Sign in to follow this  

Efficient way to find same pixel?

This topic is 2846 days old which is more than the 365 day threshold we allow for new replies. Please post a new topic.

If you intended to correct an error in the post then please contact us.

Recommended Posts

Hi, Let's say this is to be done: Given an image with 32bit RGBA pixels, I wish to list down all the unique pixels, such that: R:G:B:A = 5:230:5:90 = occurs 5x in image R:G:B:A = 2: 42:5:10 = occurs 2x in image and so on... I could go and compare each pixel one by one through a loop (comparing first pixel with the rest of the image, then comparing 2nd pixel with the rest of the image, and so on). But that would be slow? is there a faster way? Or is there a method / tool already that does this? Thanks!

Share this post


Link to post
Share on other sites
1) Create a 4 dimensional array of integers, indexed by r, g, b and a.
2) Zero all entries
3) For each pixel, increment the correct array entry
4) Win (if you have enough memory)

Share this post


Link to post
Share on other sites
Quote:
Original post by helloworld123
I could go and compare each pixel one by one through a loop (comparing first pixel with the rest of the image, then comparing 2nd pixel with the rest of the image, and so on).

But that would be slow?

is there a faster way? Or is there a method / tool already that does this?
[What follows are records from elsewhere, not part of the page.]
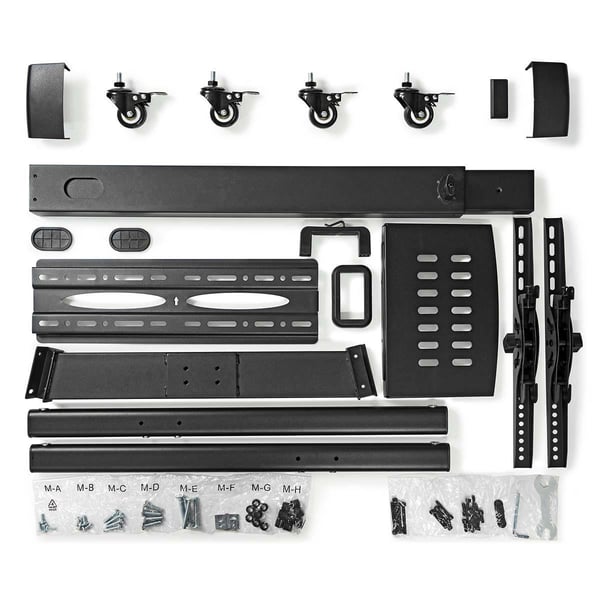 Nedis TVSM5100BK skærmbeslag og -stativer 139,7 cm (55") Gulv Sort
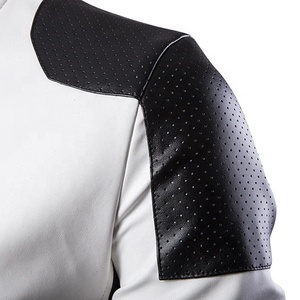 Chaqueta de cuero de cordero para hombre, chaqueta de cuero de cordero negro a la moda, chaqueta de cuero de Pakistán de inspire apparel - Product Image 6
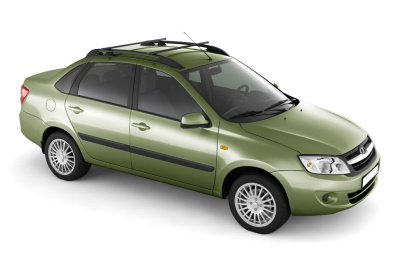 Рейлинги с поперечинами "Усиленные" (серебристые) LADA GRANTA Седан 2011, KALINA Седан 2004-2013 (LGR551503)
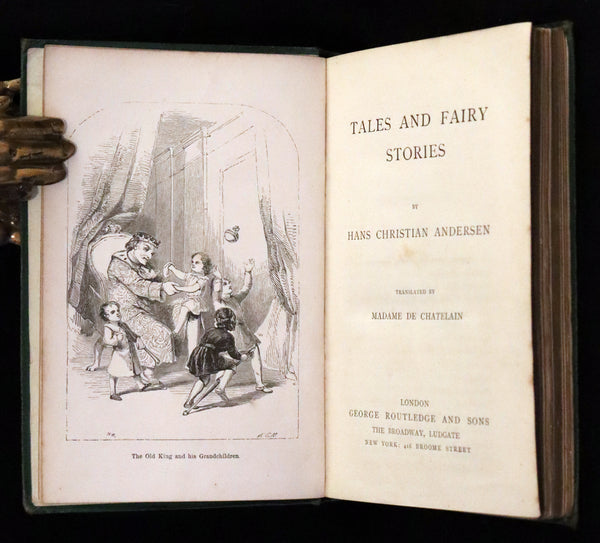 1866 Rare Madame de Chatelain translation - Tales and Fairy Stories by Hans Christian Andersen.
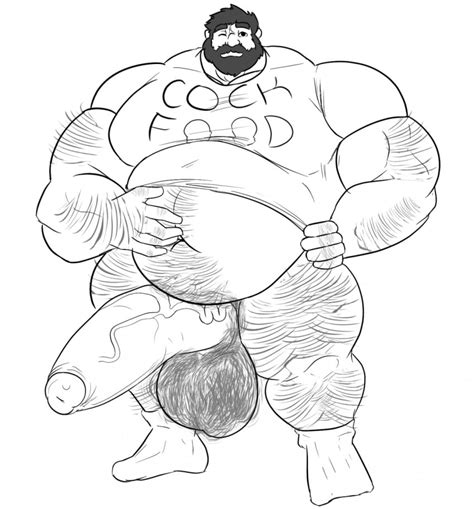 Rule 34 Balls Beard Belly Big Balls Big Belly Big Muscles Big Penis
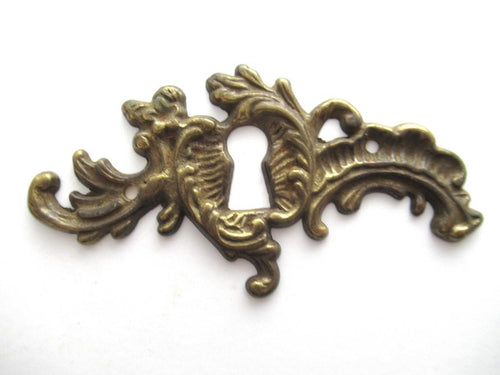 Antique Escutcheon, keyhole cover, Restoration hardware.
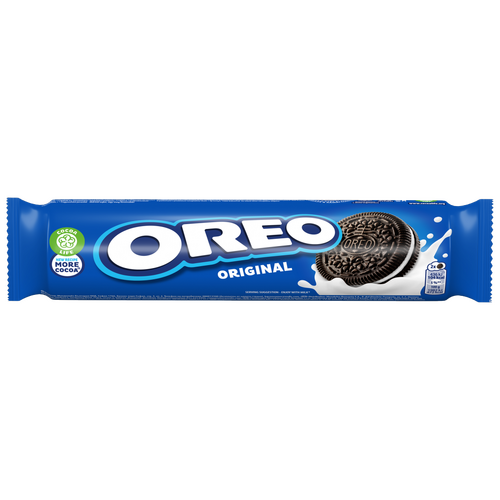 Oreo Original vaníliaízű töltelékkel töltött kakaós keksz 154 g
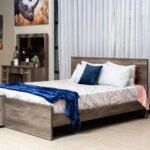 Maddison king Bed with 2 bedsides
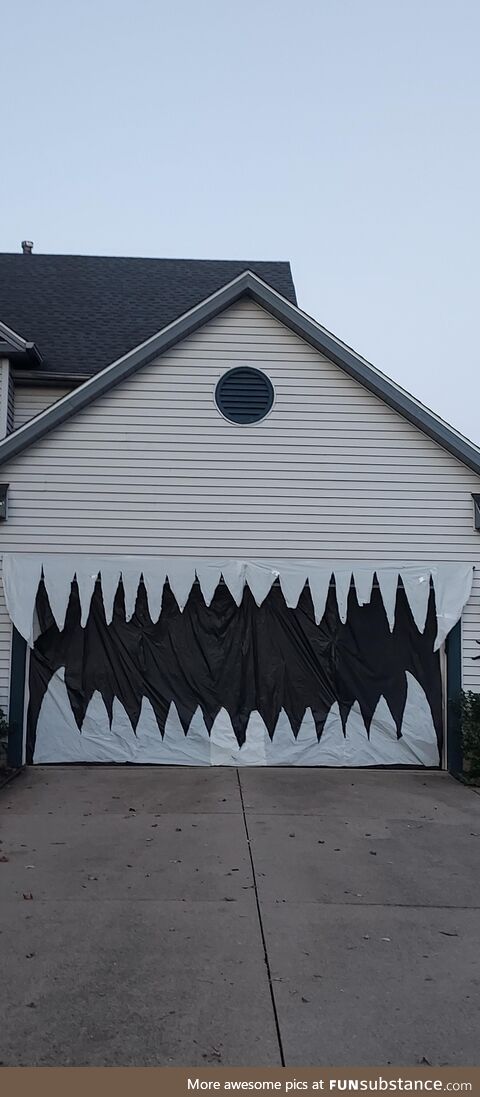 My dad turned our house into a cyclops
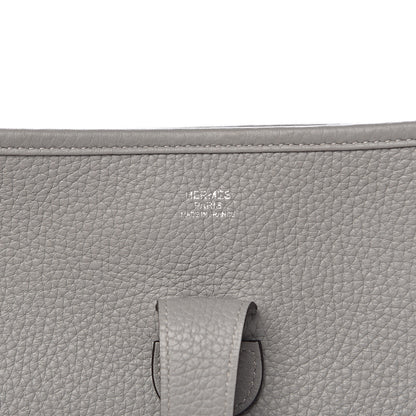 Hermes Taurillon Clemence Evelyne III GM Gris Mouette 6 of 13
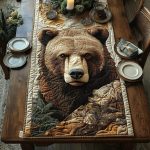 Bear Quilted Table Runner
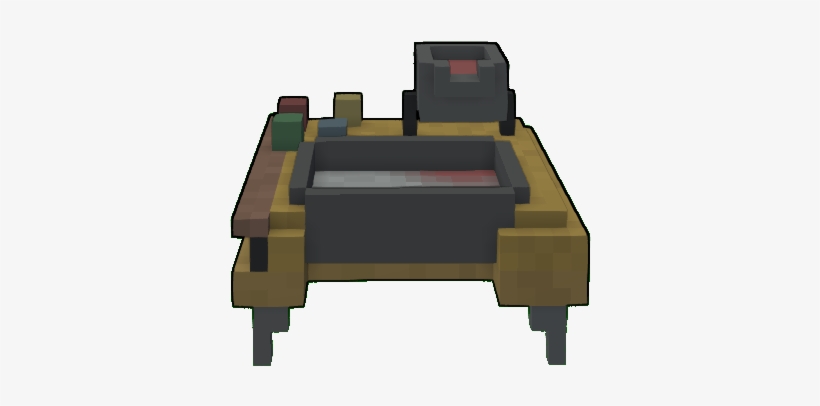 Crafting Metallic Cube Converter - Coffee Table, transparent png download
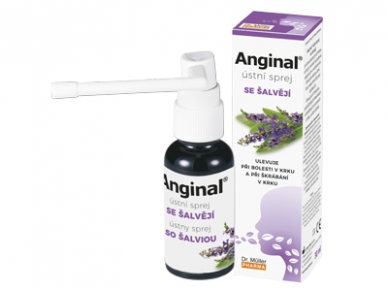 DR. MULLER ANGINAL PURŠKALAS GERKLEI SU ŠALAVIJU, 30 ML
That can be performed much more efficiently if you sort the image's pixel values. Assuming img is a pointer to the image (if it's already a 32-bit type pointer, the cast is unnecessary).

unsigned int *img32bit = reinterpret_cast<unsigned int *>(img);
std::sort(img32bit, img32bit+width*height);

Now all you have to do is find adjacent pixel values with the same color, instead of searching the whole image for the same color.

Quote:
Original post by pbryant
1) Create a 4 dimensional array of integers, indexed by r, g, b and a.
2) Zero all entries
3) For each pixel, increment the correct array entry
4) Win (if you have enough memory)

And how much memory do you think would such an array require, even for a moderate color space such as 8-bits per component?

Share this post


Link to post
Share on other sites
Quote:
Original post by Brother Bob
And how much memory do you think would such an array require, even for a moderate color space such as 8-bits per component?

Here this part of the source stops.